Far away from the world’s investment centers, in places like the A&A Food Mart in Fort Worth, and BuzzBrews in Dallas, somewhere close to the stand-alone ATM where people usually pull cash out, you will see a similar machine where people are putting cash in.
Bitcoin ATM’s are quickly spreading across North Texas and the rest of the country. Simply put in your cash, and it puts Bitcoin on a mobile wallet on your phone, or just records it on a piece of paper.
Website Coin ATM Radar shows there are nearly 50 machines locally.

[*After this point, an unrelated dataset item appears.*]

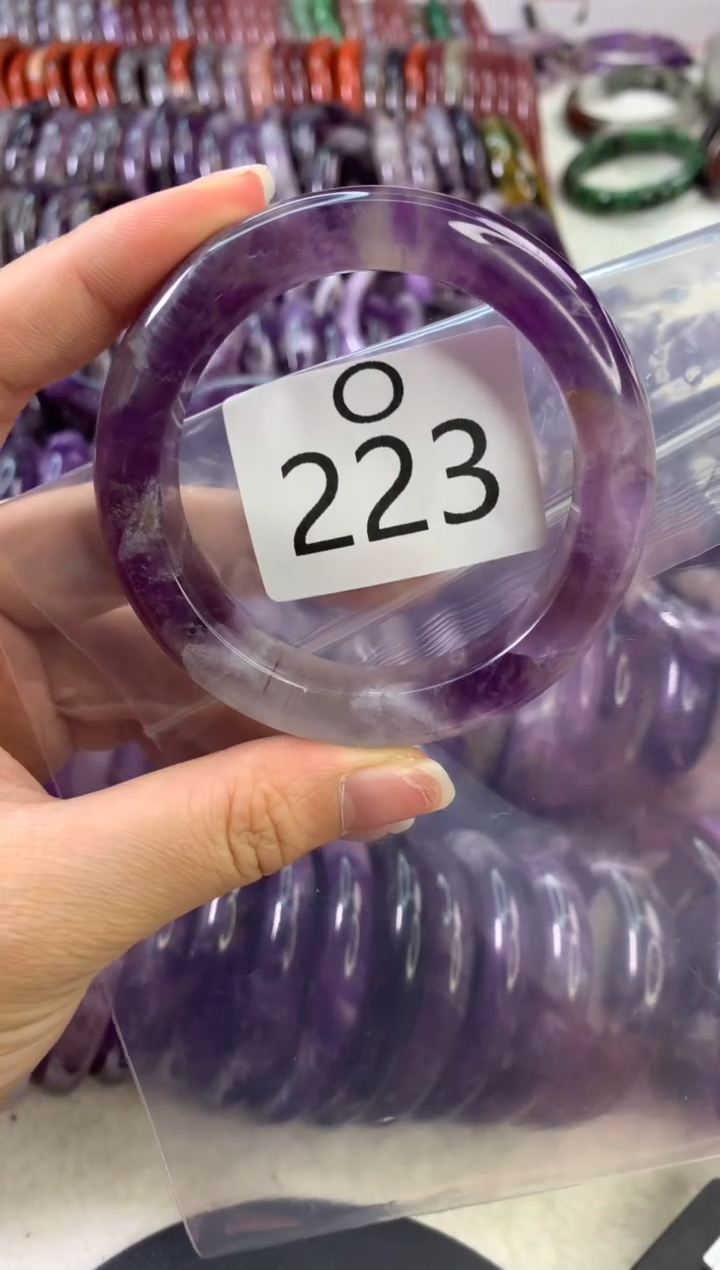 【闪购商品】水晶水晶手镯O未镶嵌223-52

You’ll find them near city centers, but often just a bit off the beaten path, in privately owned convenience stores where owners are paid a monthly fee to host the machine.
“It was more of an underground thing, and now it’s getting mainstream,” said Jimmy Scott.
He should know. Scott installed the first Bitcoin ATM more than three years ago in Dallas.
The 28-year-old from Rockwall started buying and selling coins when he w as in college, meeting people in person to make it happen. He decided a machine would make things easier. Now he has ten, including machines in Austin and Houston.
“You get kids up here, you get grandparents up here,” he said. “Anybody’s up here now.”
It’s the ATM’s familiarity, convenience and speed that makes them attractive to cryptocurrency investors. While online exchanges can take several days to process a transaction, the machines do it in minutes. That can be essential for a currency with a value that regularly makes double-digit changes in value.
“You know I can just, I can scan and it hits your bit wallet real fast, maybe 15 minutes into the transaction,” said Forris Massey, who regularly buys from machines in Fort Worth.
He’s been buying a for year and also selling.
“That’s basically what we’re doing,” he said. “Flipping currency without the middle man.”
Fort Worth-based Coinsource has become one of the industry’s largest companies. With nearly 200 machines spread across 14 states, it has plans to double this year.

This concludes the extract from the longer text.